Bestuurdersaansprakelijkheid voor € 9,2 miljoen vanwege onrechtmatig handelen tegenover pandhouder
Blog
Op 24 juli 2024 heeft de Rechtbank Rotterdam een bestuurder van een groep van vennootschappen veroordeeld tot betaling van een bedrag van meer dan € 9 miljoen aan de pandhouder die fungeerde als groepsfinancier, omdat de bestuurder tegenover de pandhouder onrechtmatig heeft gehandeld.
Bij vonnis van 24 juli 2024 heeft de Rechtbank Rotterdam een bestuurder veroordeeld vanwege onrechtmatig handelen tegenover de pandhouder/financier van een groep van door hem bestuurde vennootschappen.

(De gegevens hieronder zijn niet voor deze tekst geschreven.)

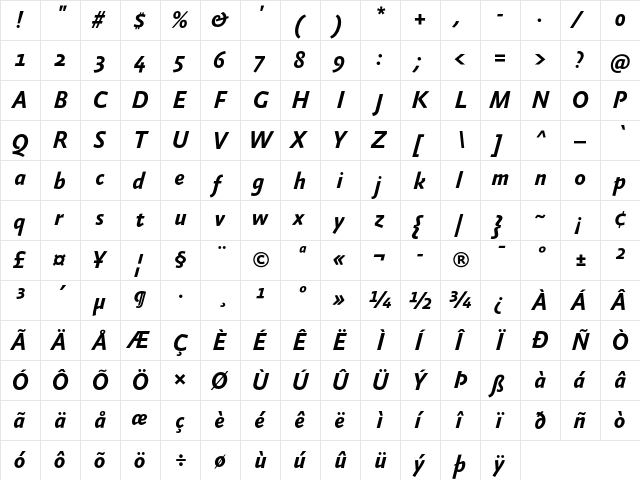 AbsaraSans-BoldItalic Regular  glyph index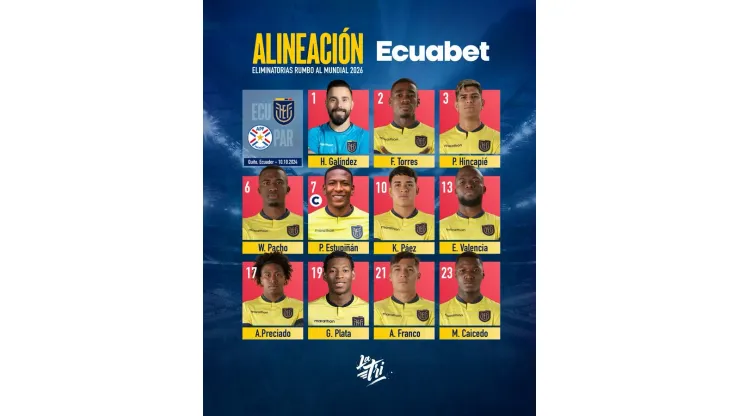 El once de Ecuador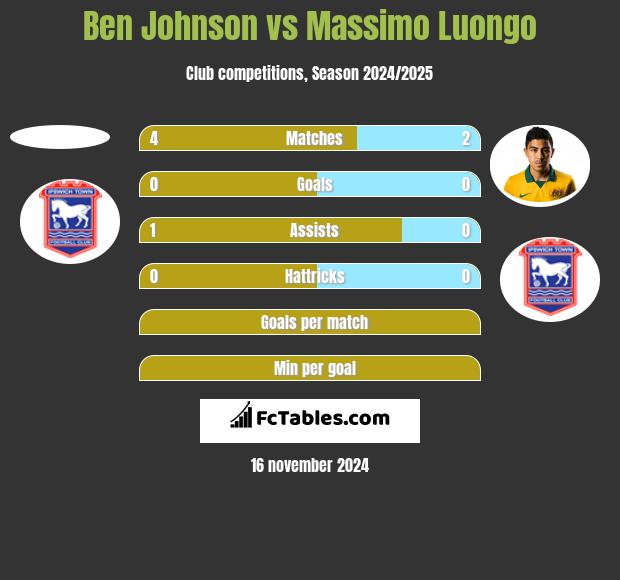 Ben Johnson vs Massimo Luongo h2h player stats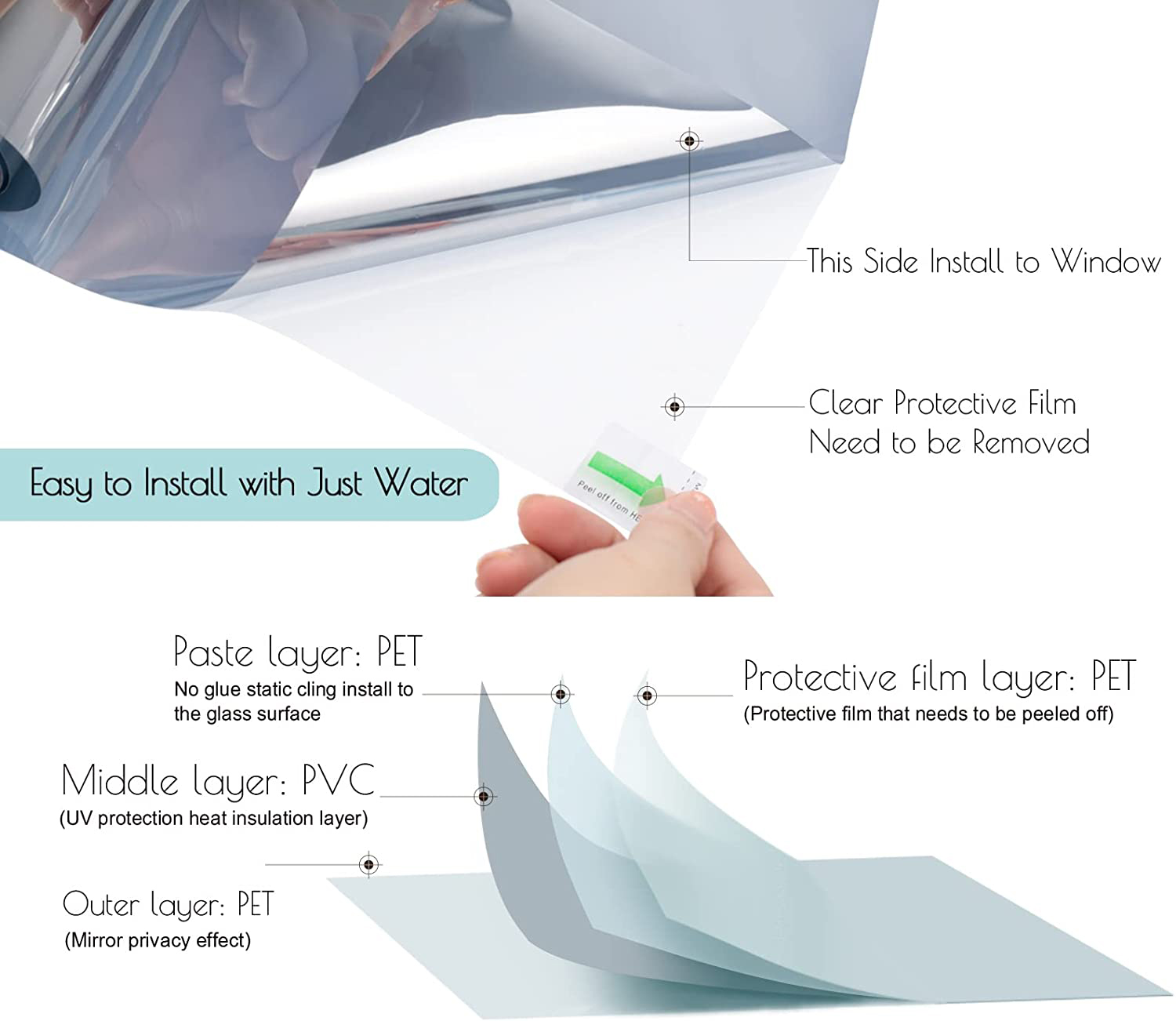 One Way Tint Window Privacy Fi - Smart Home Film avis et prix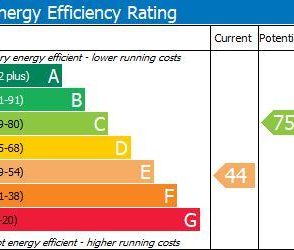 2 bedroom terraced house to rent - Photo 3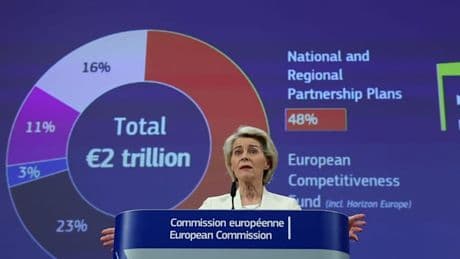 „Planwirtschaftliche Ansätze“ – Bayern attackiert Zwei-Billionen-Etat der EU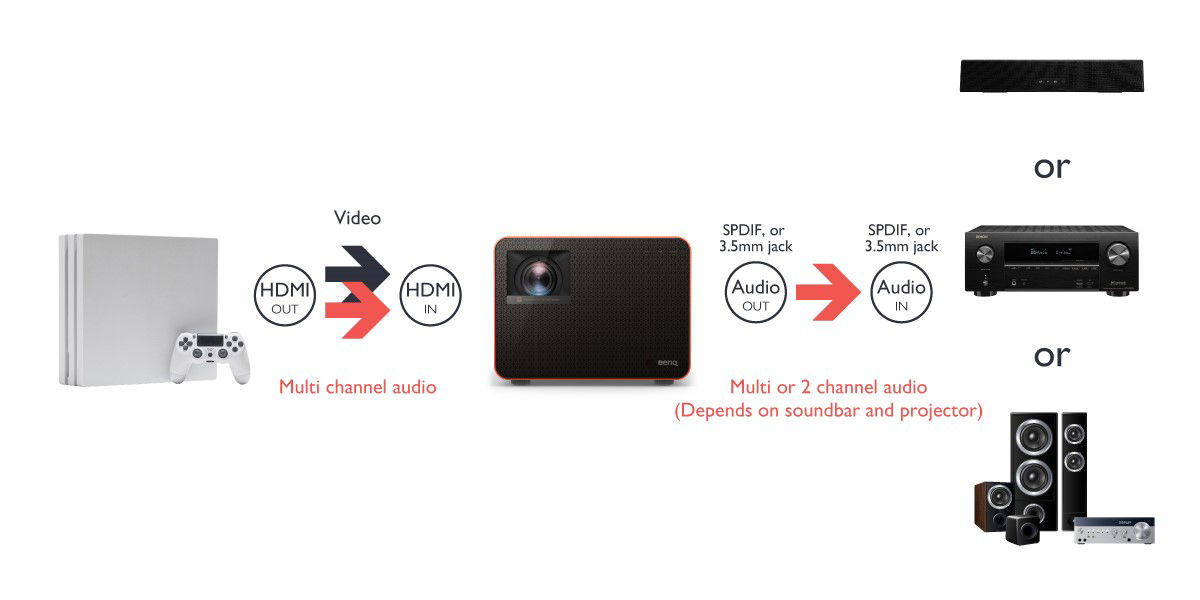 Tuto] Vidéo Projecteur Portable  Brancher une console en HDMI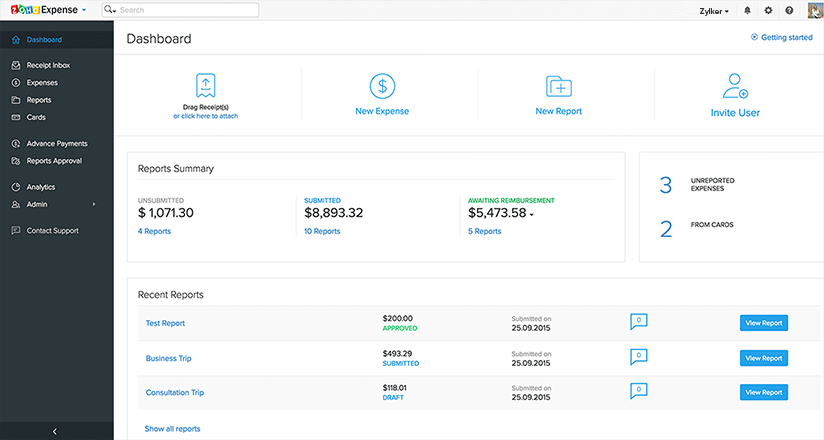 Zoho Payroll Dashboard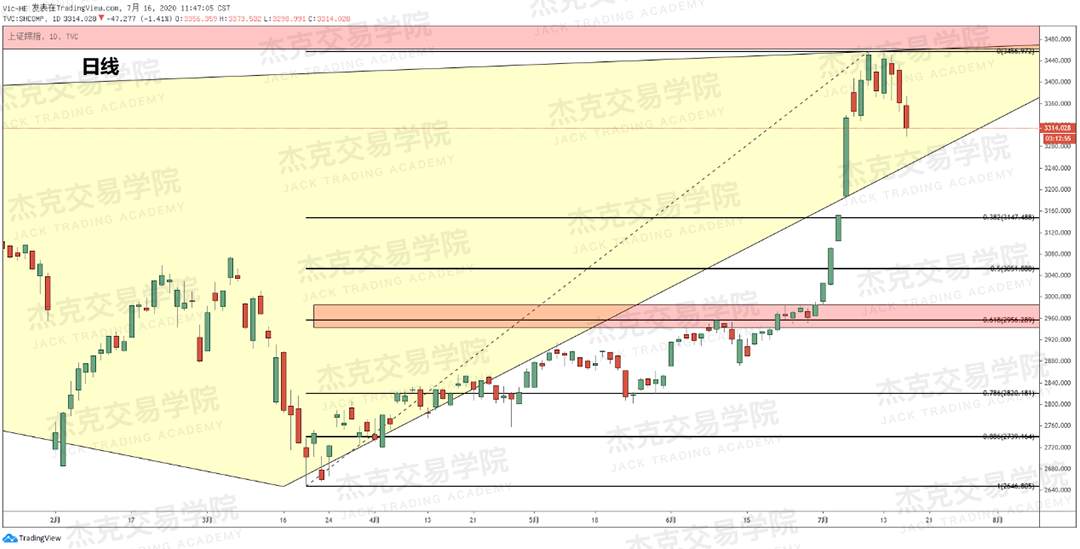 [7月16日策略]黄金/原油/英镑/欧元/美日/澳元/标普/BTC/BCH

Het onrechtmatig handelen betreft onder meer het vanaf de zogenoemde ‘peildatum’ bewerkstelligen dat de opbrengst van verpande debiteurenportefeuilles (in strijd met de toepasselijke algemene verpandingsvoorwaarden) zonder toestemming van de pandhouder hebben plaatsgevonden en niet ten goede aan de pandhouder zijn gekomen.
Casus
Eiseres (‘Financier’) heeft krediet verstrekt aan een groep van vennootschappen (‘de Groep’), die zich bezig hield met het aankopen en vervolgens uitwinnen van debiteurenportefeuilles. Tot zekerheid van terugbetaling van dat krediet heeft de Groep ten gunste van Financier een eerste pandrecht gevestigd op onder meer alle huidige en toekomstige vorderingen van de Groep op derden. Op de financieringsovereenkomst zijn onder meer de algemene verpandingsvoorwaarden van Financier van toepassing.
Het krediet diende op 31 december 2021 te worden terugbetaald. Op die datum hebben enkele vennootschappen van de Groep een debiteurenportefeuille (‘Ennio 1’) verkocht aan een derde. De opbrengst daarvan is ontvangen op een bankrekening die niet bij Financier werd aangehouden. Het krediet is niet op de einddatum van 31 december 2021 afgelost.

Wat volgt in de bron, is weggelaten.